With the new patent laws, you only have a one year window to file from the time something is first disclosed publicly.
As for unneccesary noise example, that would be feedback of people whose feedback I do not value.
And as for edited and added last question - it depends. :)
Over the years Startups seem to have a similar path. I've known some which were ok but started out stealthy, but most that start stealthy seem to launch, and then pivot after getting some real world experience and feedback. The ones that are pretty open seem to come out swinging and they already have answers for most of the questions thrown at them (which gives them credibility).
Perhaps notable, perhaps not, in the 30 years I've been watching I have yet to see a single startup that was open and that resulted in someone else "scooping" them and getting the prize. But I have seen startups that execute poorly not move fast enough once their market is proven to avoid damage by a nimbler opponent.
We are already about as far from "stealth" as you can get, in that all of our products are Open Source (Apache Licensed and on GitHub), we blog a lot, and we have a public facing website that makes it pretty clear what we're doing and aiming at.

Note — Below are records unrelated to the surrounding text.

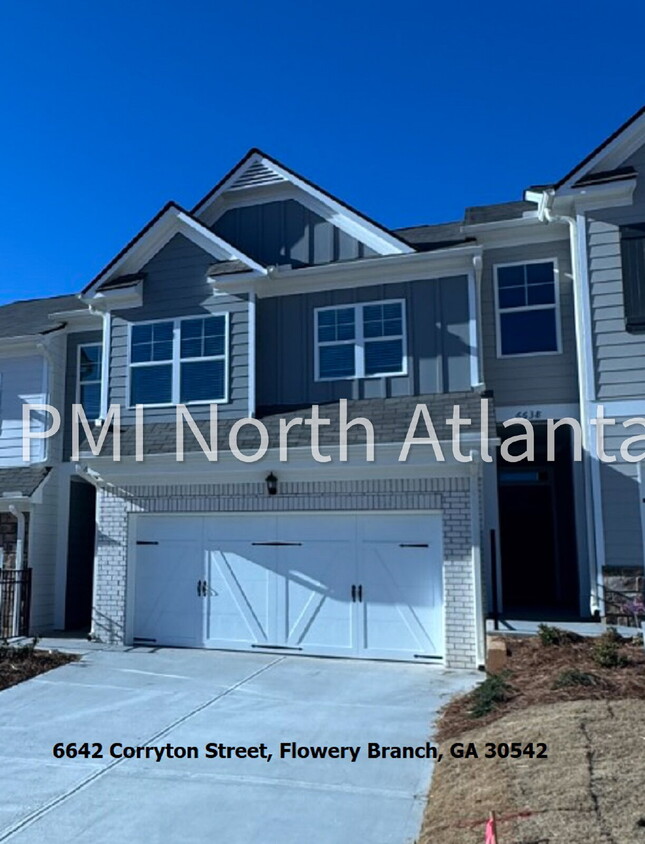 Foto principal - Brand New Flowery Branch Townhome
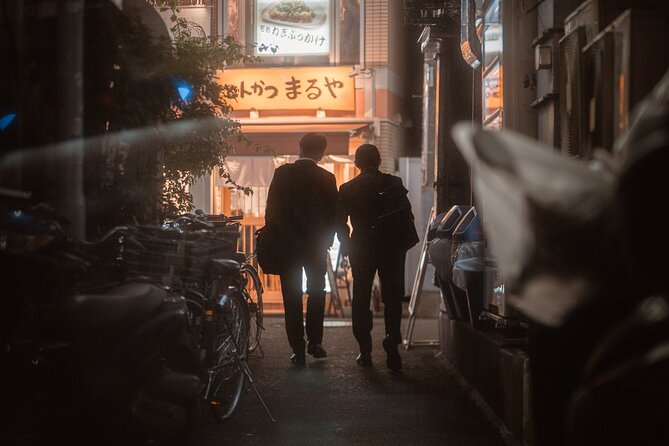 Explore Unique Tokyo Streets / Learn with a Pro Photographer - Key things that make this tour worth your time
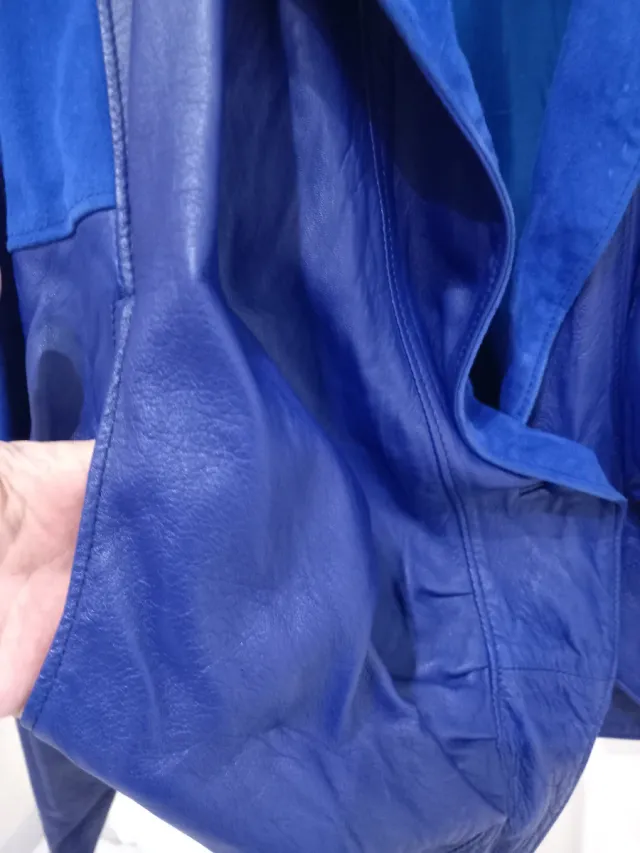 Giacca in pelle blu elettrico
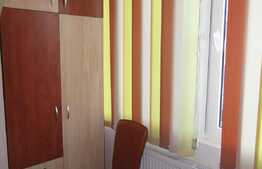 Apartament 2 camere, decomandat, 56 mp, etaj intermediar, zona strazii Lunii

That said, it's a sort of "static transparency". Anybody who cares to know, can come to fogbeam.com or our github site, etc., and learn a lot about us. But this post makes me think about a more "dynamic tranparency" where we push ideas / thoughts / code / whatever, out and more actively solicit feedback and interaction around that.
Of course we already solicit feedback, talk about the roadmap, etc., in private when meeting with potential customers in Customer Development interviews... but we could probably get more people involved and generate more good ideas that way.
What I'd like to see from people like this is 24/7 webcams in offices programmers worker's mic'ed up, with some sort of peanut gallery available for viewers. :)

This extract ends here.